Trying to figure out how to send/read data through socket. On remote server I create new netcat -l 4444
and from local send text data echo "test" | netcat remote.host 4444
. This is always works fine.
Trying to reproduce:
require "socket"
HOST = "remote.host"
PORT = 4444
ch_request = Channel(String).new
ch_response = Channel(String).new
spawn do
socket = TCPSocket.new(HOST, PORT)
loop do
select
when request = ch_request.receive
socket << request
socket.flush
end
if response = socket.gets
ch_response.send response
end
end
end
sleep 0.1
ch_request.send "hello"
loop do
select
when response = ch_response.receive
pp response
end
end
In my dream I send data to channel, read it from first loop then send to socket. The same way but reverse order need for read it from second loop.
On practice this is not happens. On local after connect I got "test" and can't send back anything. On remote I can send to local but on local got only empty string once and nothing more after.
What mean this behavior and how to achieve planned?
You didn't show this, but I suppose you have a second implementation using TCPServer
for the netcat -l
equivalent.
You need to use separate fibers for reading/writing to the socket and the channel. It's a bit hard to judge what exactly happens without seeing the server, but I suppose you end up in a deadlock where both sides are waiting on input of the other side or user, but cannot proceed to actually send or read anything. In other words you interlocked the sending/receiving part, requiring the other side to carefully react and interplay so to not lock up the client. This is obviously a brittle approach.
Instead you should make sure any fiber does not do more than one operation in a loop. One receives from the socket and forwards that to a channel, the second one receives from a channel and forwards that to the socket, the third one receives from the reader side channel and prints or does whatever you want to do the data and the last one fills the sender channel. This way no operation can block one of the others. Of course one of those fibers should simply be the main program one.
In the server you additionally need one fiber that accepts the client connections and spawns the sender and receiver loops for each.
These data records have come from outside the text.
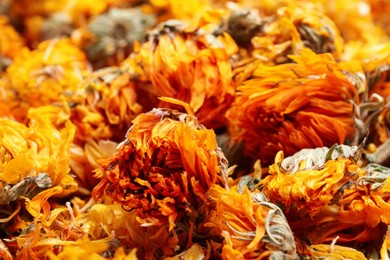 Photo of Pile of dry calendula flowers as background, closeup
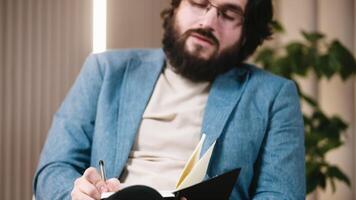 Close-up of a self-confident psychologist in glasses taking notes during a conversation with a patient. Concept of professional psychological support in solving personal problems. video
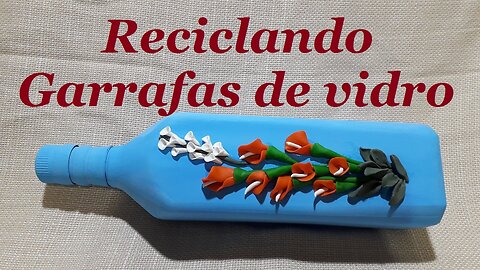 GARRAFA DECORADA COM FLORES DE MASSA DE BISCUIT (PORCELANA FRIA) @lucibuzo ​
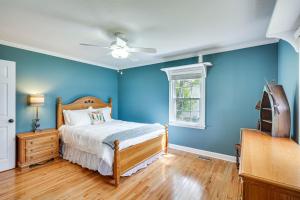 a blue bedroom with a bed and a ceiling fan at Waterfront Lake Gaston Home with Private Dock! in Littleton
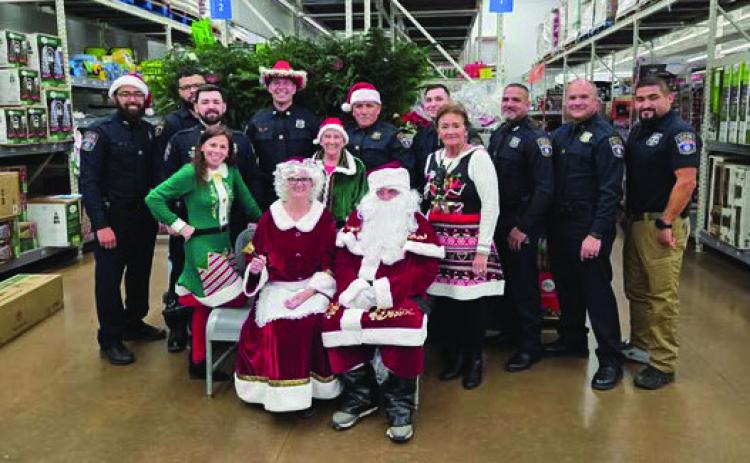 Guthrie Police Officers with Santa and Mrs. Claus at the annual Shop with a Cop event. Photos courtesy Guthrie Police Department.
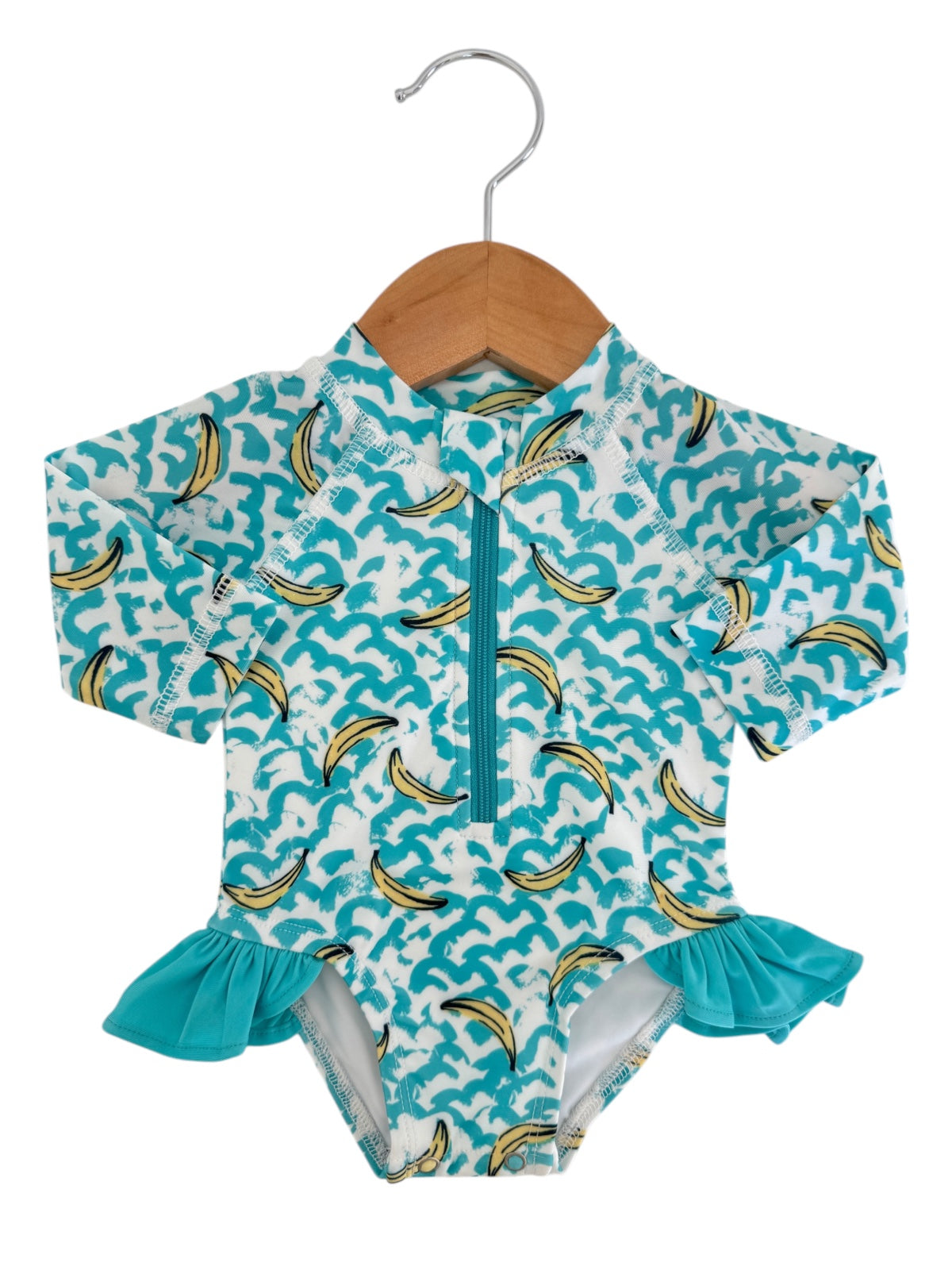 Children's swimwear featuring a wave and banana print, long sleeves, and a ruffled hem, hung on a wooden hanger.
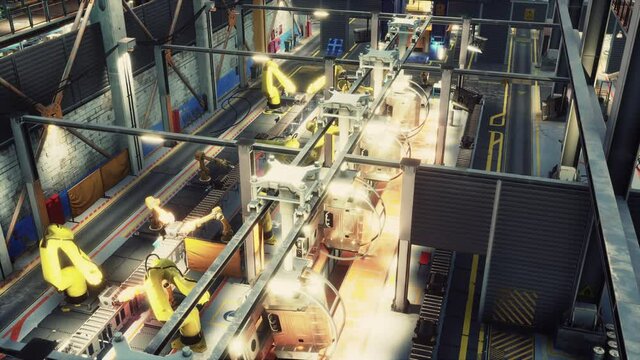 robotic arms in a car factory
Finally note that a select
statement with a single when
branch has no effect, you can make the call directly. select
is useful if you need to read or write to multiple channels concurrently in the same fiber, so for example if you would have multiple channels providing data to be send out to a socket, you would use select
to not have the messages be corrupted by two fibers writing to the same socket at the same time. An additional usecase for select
is to send or receive from a channel with a timeout.